• Prompt:
Transcribe the listing below exactly, leaving out each image.

• Source material:

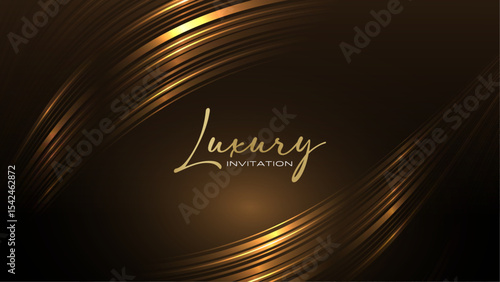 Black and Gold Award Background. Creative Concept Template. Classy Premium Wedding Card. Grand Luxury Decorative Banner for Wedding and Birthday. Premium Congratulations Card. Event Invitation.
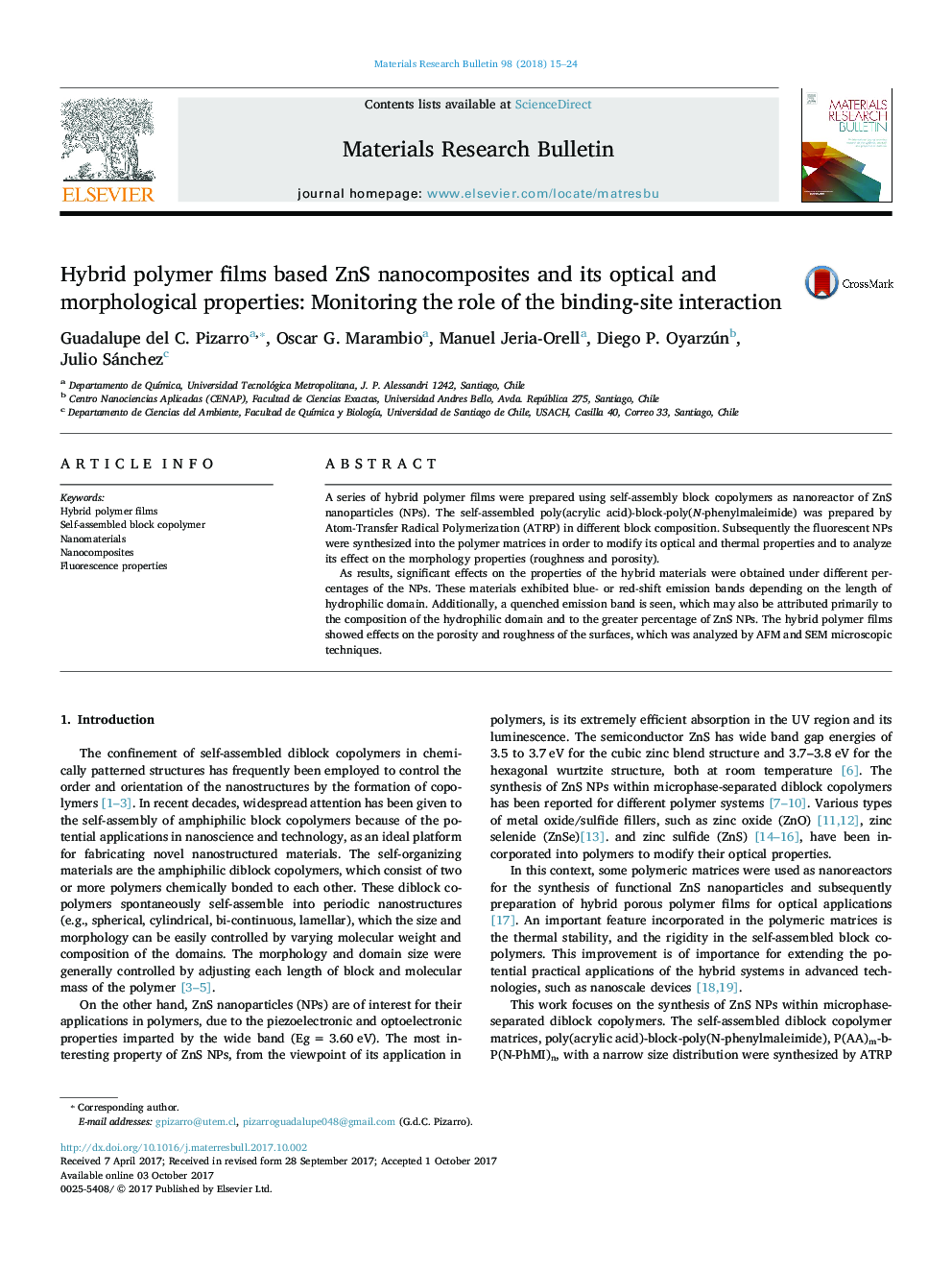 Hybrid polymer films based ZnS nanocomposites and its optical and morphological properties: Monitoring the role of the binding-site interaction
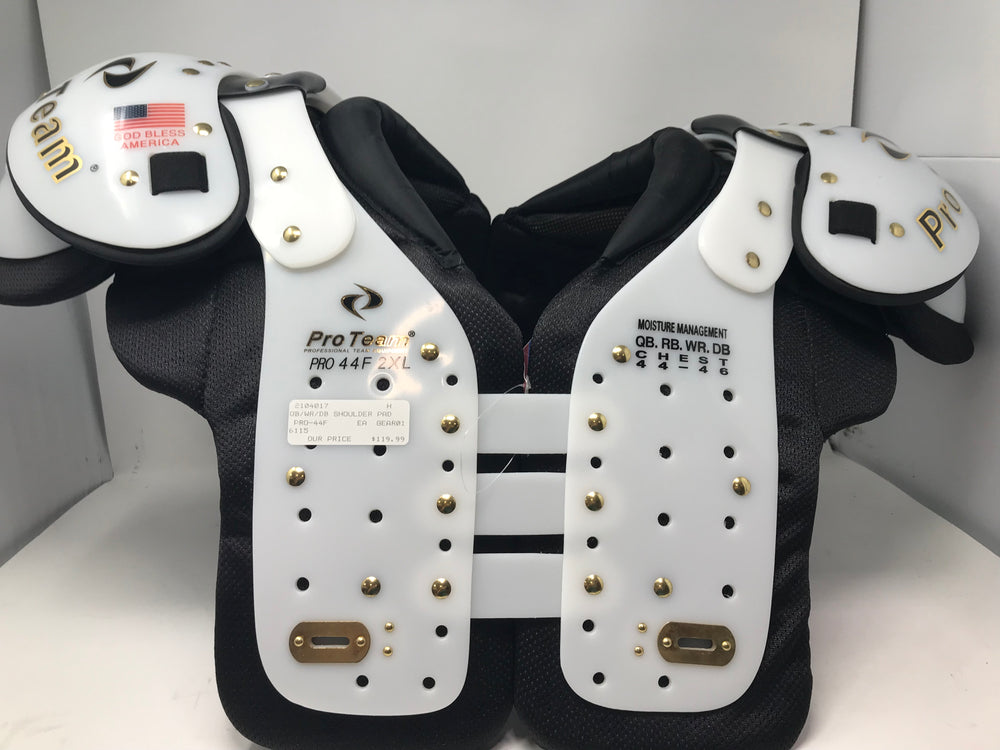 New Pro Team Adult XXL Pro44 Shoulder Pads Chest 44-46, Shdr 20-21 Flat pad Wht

• Result:
 Black and Gold Award Background. Creative Concept Template. Classy Premium Wedding Card. Grand Luxury Decorative Banner for Wedding and Birthday. Premium Congratulations Card. Event Invitation.
 Hybrid polymer films based ZnS nanocomposites and its optical and morphological properties: Monitoring the role of the binding-site interaction
 New Pro Team Adult XXL Pro44 Shoulder Pads Chest 44-46, Shdr 20-21 Flat pad Wht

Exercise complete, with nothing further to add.